# All Slavic languages: choose script



## Gnoj

MOD NOTE: Moved from HERE.

Maybe "choose language" was a bad idea, since the program won't translate, it'll only transliterate given text from one script to another.
For example *Russian* "Борис Ельцин, Владимир Путин, октябрьская революция" => *Polish* "Boris Jelcin, Władimir Putin, oktiaborskaja rewolucja".
Or:
http://imageshack.us/f/688/transr.png/

Maybe it would be better if it's "choose script":

Macedonian - изберете писмо
Bulgarian - изберете писмо
Serbian - изаберите писмо
Croatian - odaberite pismo
...
Of course I would need the appropriate word for "pismo" in all the other Slavic languages.


----------



## TriglavNationalPark

Slovenian: *izberite pisavo*

(Please note, however, that in addition to "script", *pisava* can also mean "font" or "handwriting [style]", so the context needs to be clear.)


----------



## Gnoj

TriglavNationalPark said:


> Slovenian: *izberite pisavo*
> 
> (Please note, however, that in addition to "script", *pisava* can also mean "font" or "handwriting", so the context needs to be clear.)


I'm glad you asked. What the user is choosing is the alphabet into which the text would be "rewritten". Slovenian alphabet, Serbian alphabet, Russian alphabet etc, transliterated (or transcribed, I'm not sure which of those terms is the right one) from one into another glyph set: Polish *sz* => Slovenian *š *=> Russian *ш *etc. So does "*pisavo*" sound right in that context?


----------



## TriglavNationalPark

Gnoj said:


> I'm glad you asked. What the user is choosing is the alphabet into which the text would be "rewritten". Slovenian alphabet, Serbian alphabet, Russian alphabet etc, transliterated (or transcribed, I'm not sure which of those terms is the right one) from one into another glyph set: Polish *sz* => Slovenian *š *=> Russian *ш *etc. So does "*pisavo*" sound right in that context?



I understand how your program will work, but the command needs to be clear to your users. In Slovenian, *pisava* has several meanings, so the command *Izberite pisavo *could be interpreted not just as "Choose your script" (your intended meaning) but also "Choose your font." Of course, if the options given are *latinica*, *cirilica*, etc., it should be obvious what you're asking them to select.

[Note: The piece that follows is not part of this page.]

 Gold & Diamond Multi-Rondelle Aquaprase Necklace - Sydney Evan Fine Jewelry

However, without any context, *Izberite pisavo* could be ambiguous.


----------



## Azori

Slovak: vyberte písmo

Czech: vyberte písmo


----------



## iobyo

Gnoj said:


> Croatian - odaberite pismo



Are you sure about this? _Izabrati_ and _odabrati _are indeed quite similar, but not identical in meaning.


----------



## Gnoj

iobyo said:


> Are you sure about this? _Izabrati_ and _odabrati _are indeed quite similar, but not identical in meaning.

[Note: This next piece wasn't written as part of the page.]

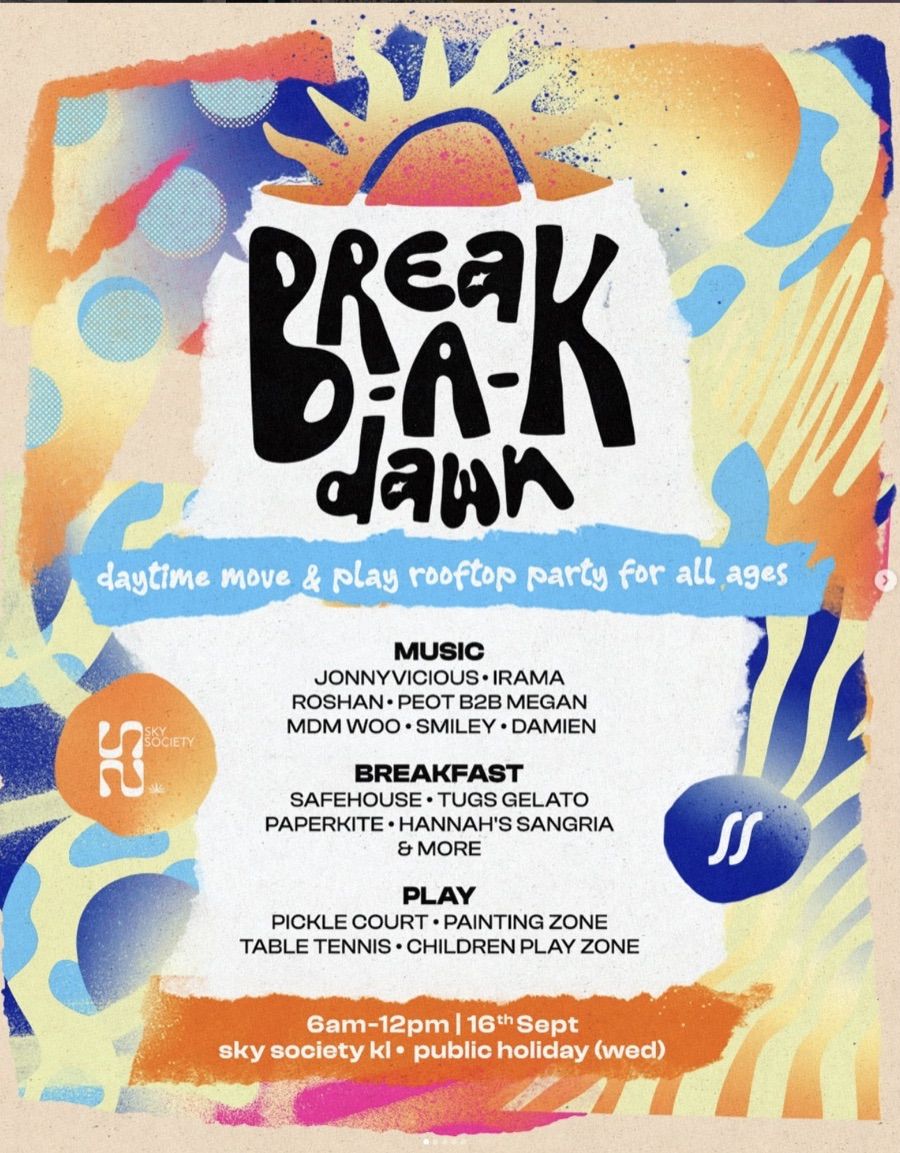 The Break-A-Dawn poster with the music, breakfast and play line-up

You're right. Some time ago, when I first checked with Google translator it used to translate from both "choose language" and "изаберите језик" (English and Serbian) to "odaberite jezik". I checked it again after you suggested it could be incorrect and now uncle Google's translation says "izaberite jezik".


----------



## Vulcho

For Bulgarian, I don't think "писмо" is appropriate - it's too archaic. I'd go with simply "азбука".


----------